Dans
"Dérive", récit
à deux voix, sans sentimentalisme, sans angélisme,
ni promesse de rédemption et a fortiori de happy end,
Isabelle Garna procède à
une immersion sans concession dans la condition prolétaire
contemporaine d'une manière qui ressortit simultanément
au naturalisme zolien et au déterminisme du malheur.

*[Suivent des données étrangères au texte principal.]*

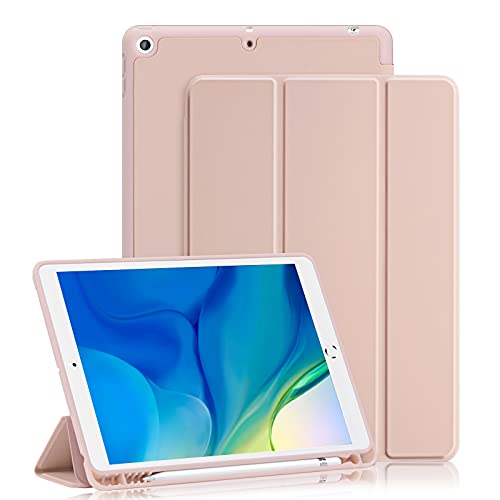 GHINL for iPad 9th/8th/7th Generation Case (2021/2020/2019) iPad 10.2-Inch Case with Pencil Holder [Sleep/Wake] Slim Soft TPU Back Smart Magnetic Stand Protective Cover Cases(Rose Gold)
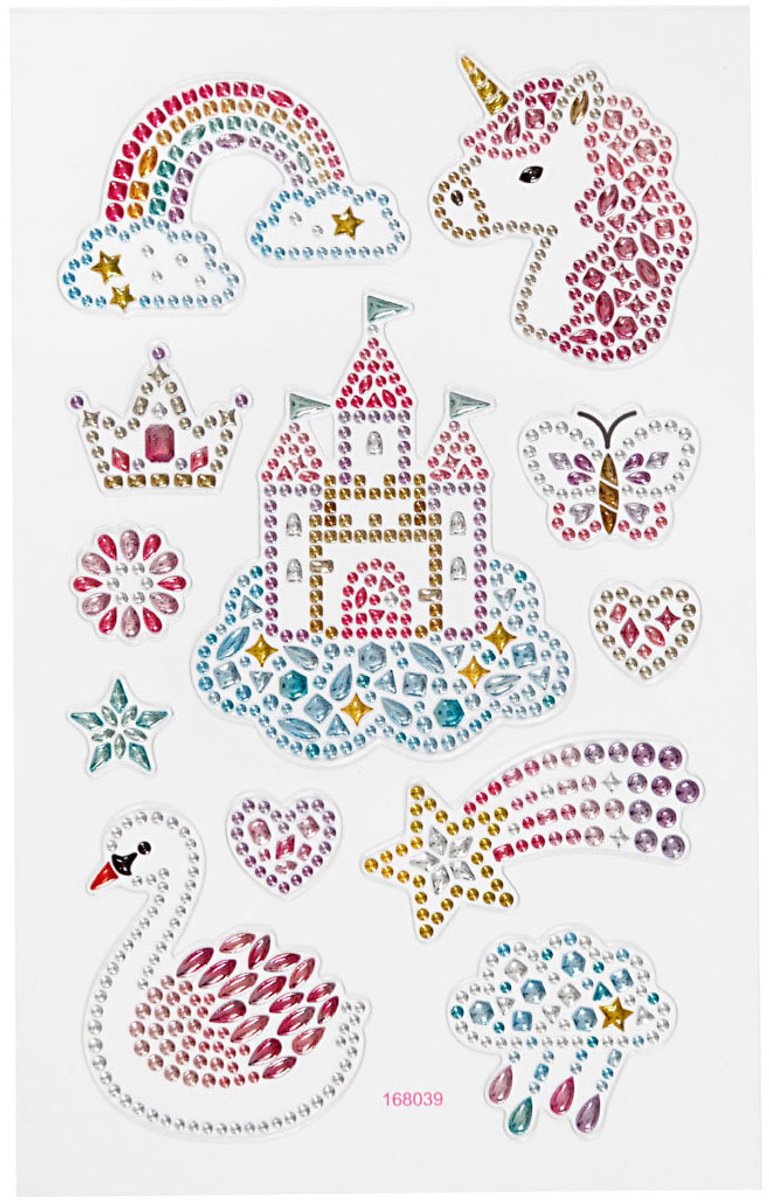 Creativ Company Diamant Stickers Unicorn, 1 feuille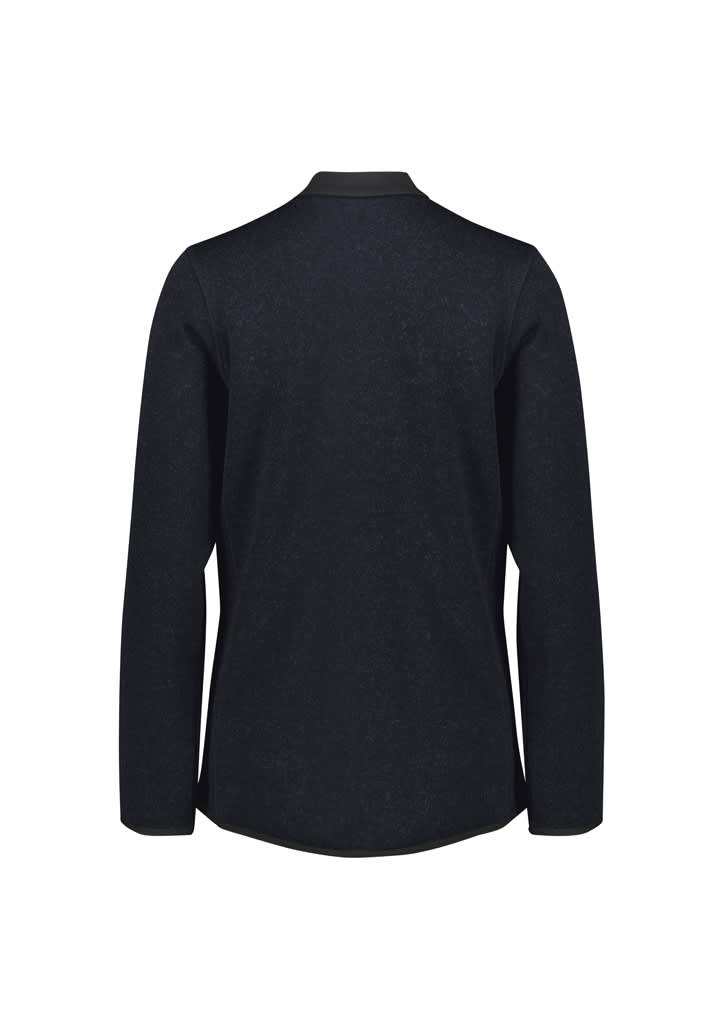 A black zip front jumper with long sleeves and a smooth texture at the back. Features a logo on the garment.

A la manière d'un entomologiste, elle braque le projecteur
sur un petit pavillon d'une banlieue grise pour assister à
un épisode tragique de la vie d'un couple ordinaire sur
fond de marasme tant économique qu'existentiel. La chronique
objective d'une dérive inexorable pour ceux qui n'ont
plus rien à quoi se raccrocher.
Le lecteur est invité dans une de ces petites maisons
des cités radieuses construites au bon vieux temps du
capitalisme paternaliste et du développement industriel,
qui sont devenues avec le temps des banlieues de plus en plus
grises, glauques et suintantes de la sueur et la peine de ceux
qui ont usé leur vie, de génération en
génération, dans les mines et les forges aujourd'hui
abandonnées sans jamais pouvoir accéder au fameux
ascenseur social que les politiques brandissent comme une vraie
fausse bonne conscience.
Elle, Mireille, est caissière dans un supermarché,
regarde "Les feux de l'amour" à la télé,
et a élaboré des mécanismes de défense
pour ne pas sombrer qui sont autant de dérivatifs qui
ne tiennent qu'à un fil. Elle supporte la médiocrité
du quotidien en rêvant, cigarette aux lèvres, à
une vie meilleure "comme on voit à la télé"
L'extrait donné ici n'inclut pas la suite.